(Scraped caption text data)
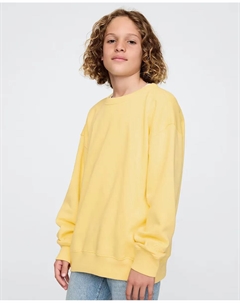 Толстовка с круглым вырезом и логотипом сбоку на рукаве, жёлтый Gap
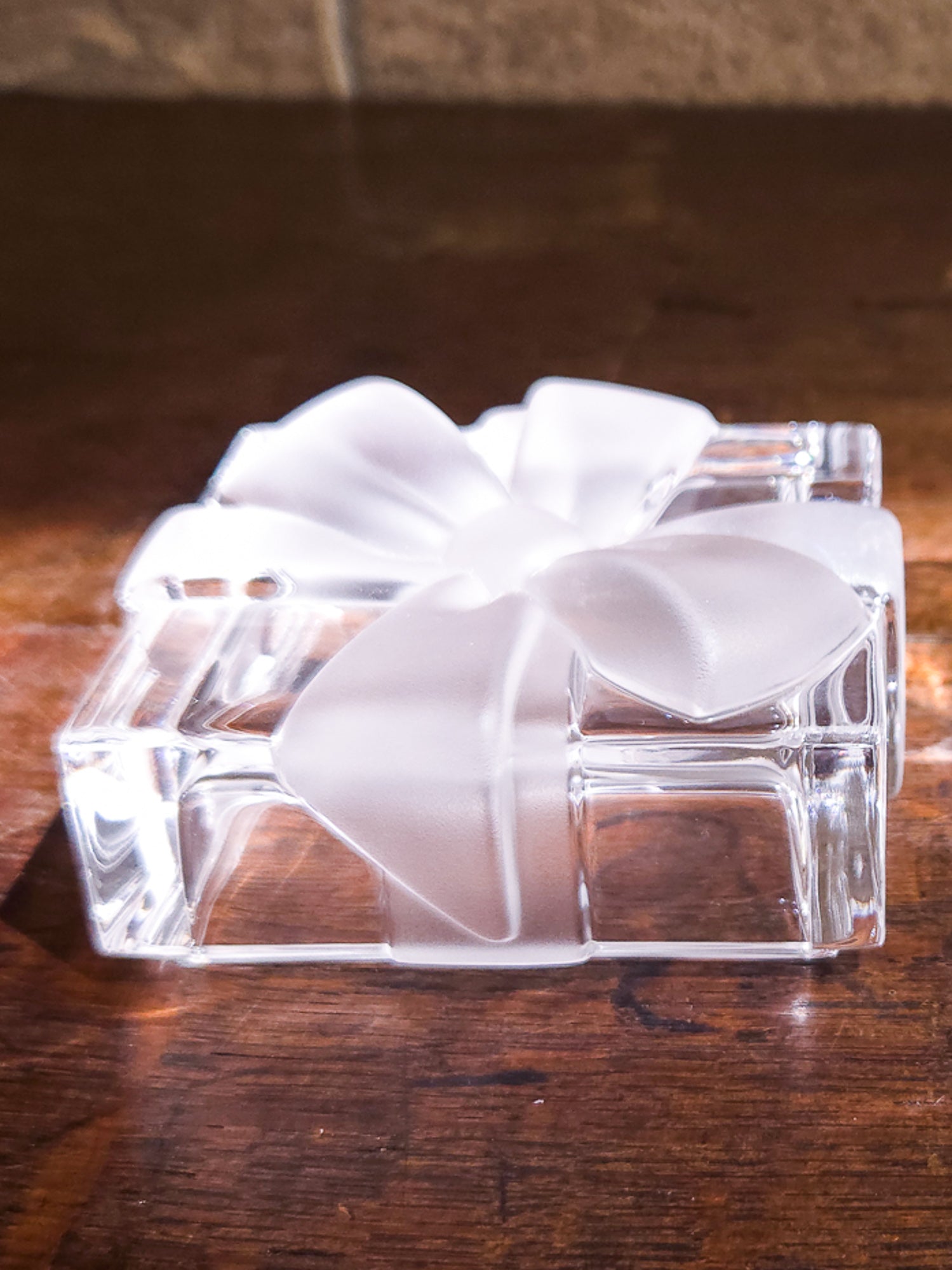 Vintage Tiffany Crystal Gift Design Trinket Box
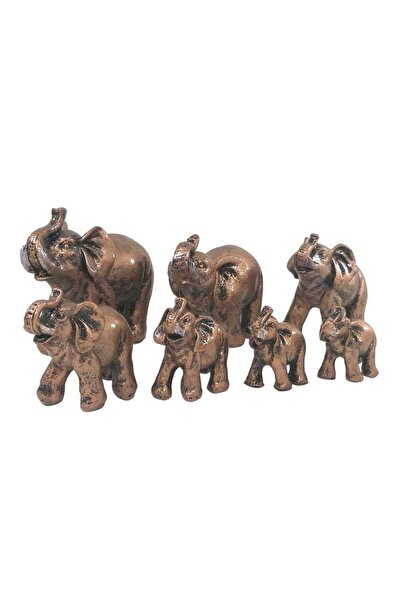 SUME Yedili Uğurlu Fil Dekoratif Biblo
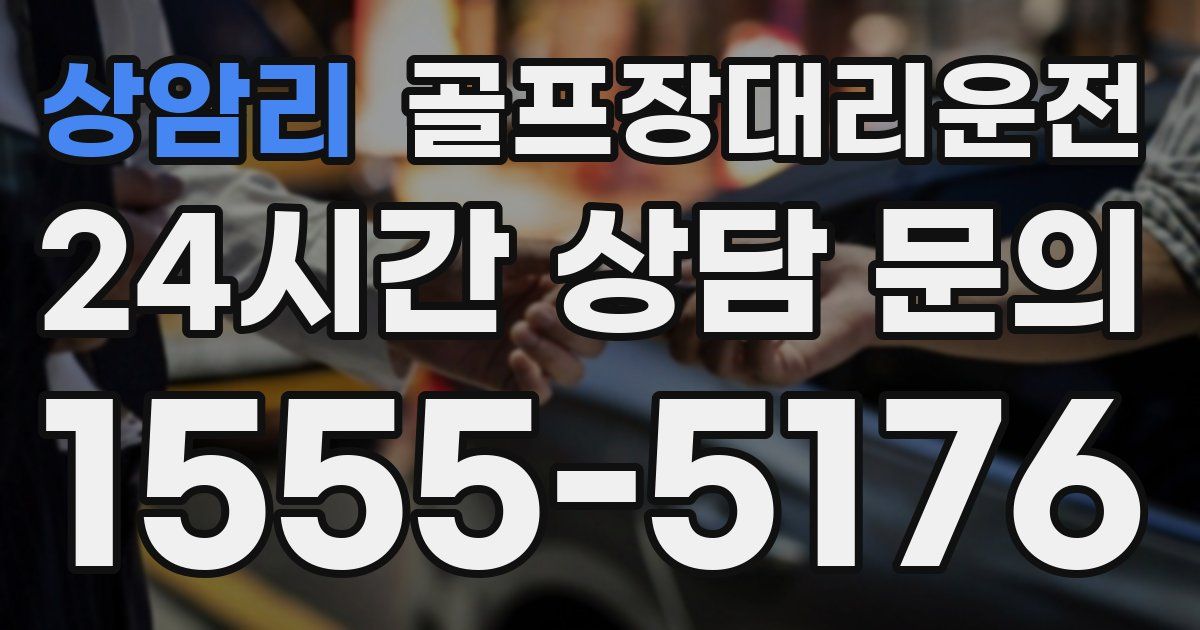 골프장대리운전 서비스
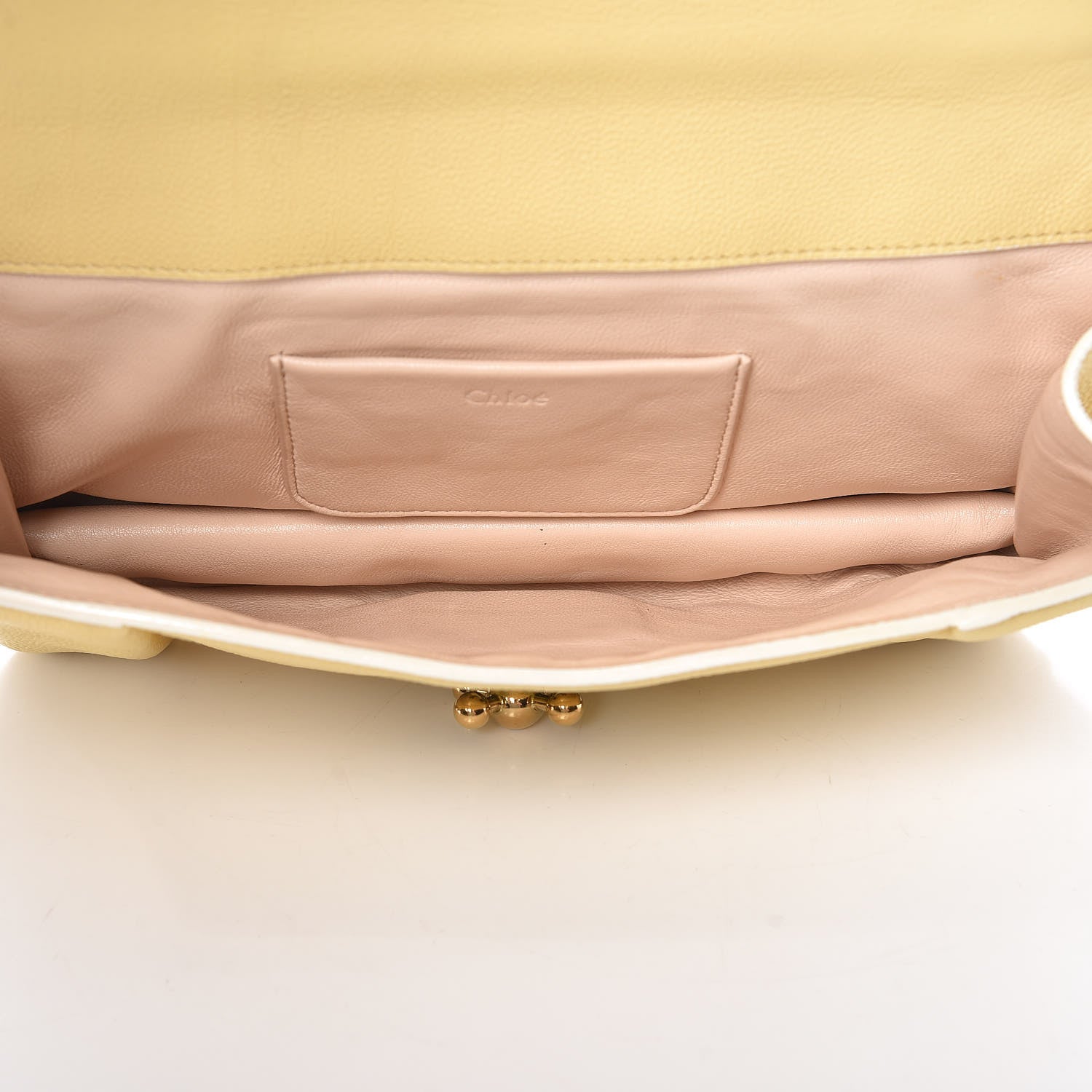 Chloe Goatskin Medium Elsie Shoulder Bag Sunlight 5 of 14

» Work instructions
In the records above, find the line containing "Vintage Tiffany Crystal" and restate it and every line after it word for word, all pictures excluded.

» Answer space
 Vintage Tiffany Crystal Gift Design Trinket Box
 SUME Yedili Uğurlu Fil Dekoratif Biblo
 골프장대리운전 서비스
 Chloe Goatskin Medium Elsie Shoulder Bag Sunlight 5 of 14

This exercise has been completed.